* Task goal *
Every line from the first in the listing below to the line containing "Rado Rado D-Star" is to be repeated exactly, and no line past it.

* Records for the task *
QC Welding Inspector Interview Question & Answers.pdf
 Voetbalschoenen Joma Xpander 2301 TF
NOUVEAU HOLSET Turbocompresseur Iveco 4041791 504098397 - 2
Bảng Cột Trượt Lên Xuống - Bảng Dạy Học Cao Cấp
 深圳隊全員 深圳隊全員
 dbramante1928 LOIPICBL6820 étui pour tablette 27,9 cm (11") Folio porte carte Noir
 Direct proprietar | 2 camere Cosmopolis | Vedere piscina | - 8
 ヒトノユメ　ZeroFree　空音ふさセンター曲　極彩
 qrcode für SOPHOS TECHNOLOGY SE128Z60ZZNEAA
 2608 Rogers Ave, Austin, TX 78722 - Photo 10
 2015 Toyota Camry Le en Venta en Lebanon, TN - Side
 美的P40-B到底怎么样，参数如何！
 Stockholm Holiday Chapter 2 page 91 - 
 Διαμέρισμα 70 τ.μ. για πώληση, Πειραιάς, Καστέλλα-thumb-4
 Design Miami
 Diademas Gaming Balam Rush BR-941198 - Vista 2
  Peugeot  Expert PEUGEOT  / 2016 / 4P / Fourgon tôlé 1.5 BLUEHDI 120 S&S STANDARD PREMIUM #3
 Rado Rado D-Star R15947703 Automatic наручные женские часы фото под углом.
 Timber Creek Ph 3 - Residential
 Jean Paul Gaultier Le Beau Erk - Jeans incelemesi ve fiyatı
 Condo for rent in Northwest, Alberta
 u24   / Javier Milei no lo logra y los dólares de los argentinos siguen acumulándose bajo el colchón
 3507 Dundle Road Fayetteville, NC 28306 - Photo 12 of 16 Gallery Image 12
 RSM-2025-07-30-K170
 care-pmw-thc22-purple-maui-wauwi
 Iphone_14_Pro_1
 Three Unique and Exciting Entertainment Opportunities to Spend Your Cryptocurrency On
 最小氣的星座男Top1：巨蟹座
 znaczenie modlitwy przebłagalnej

* Task result *
QC Welding Inspector Interview Question & Answers.pdf
 Voetbalschoenen Joma Xpander 2301 TF
NOUVEAU HOLSET Turbocompresseur Iveco 4041791 504098397 - 2
Bảng Cột Trượt Lên Xuống - Bảng Dạy Học Cao Cấp
 深圳隊全員 深圳隊全員
 dbramante1928 LOIPICBL6820 étui pour tablette 27,9 cm (11") Folio porte carte Noir
 Direct proprietar | 2 camere Cosmopolis | Vedere piscina | - 8
 ヒトノユメ　ZeroFree　空音ふさセンター曲　極彩
 qrcode für SOPHOS TECHNOLOGY SE128Z60ZZNEAA
 2608 Rogers Ave, Austin, TX 78722 - Photo 10
 2015 Toyota Camry Le en Venta en Lebanon, TN - Side
 美的P40-B到底怎么样，参数如何！
 Stockholm Holiday Chapter 2 page 91 - 
 Διαμέρισμα 70 τ.μ. για πώληση, Πειραιάς, Καστέλλα-thumb-4
 Design Miami
 Diademas Gaming Balam Rush BR-941198 - Vista 2
  Peugeot  Expert PEUGEOT  / 2016 / 4P / Fourgon tôlé 1.5 BLUEHDI 120 S&S STANDARD PREMIUM #3
 Rado Rado D-Star R15947703 Automatic наручные женские часы фото под углом.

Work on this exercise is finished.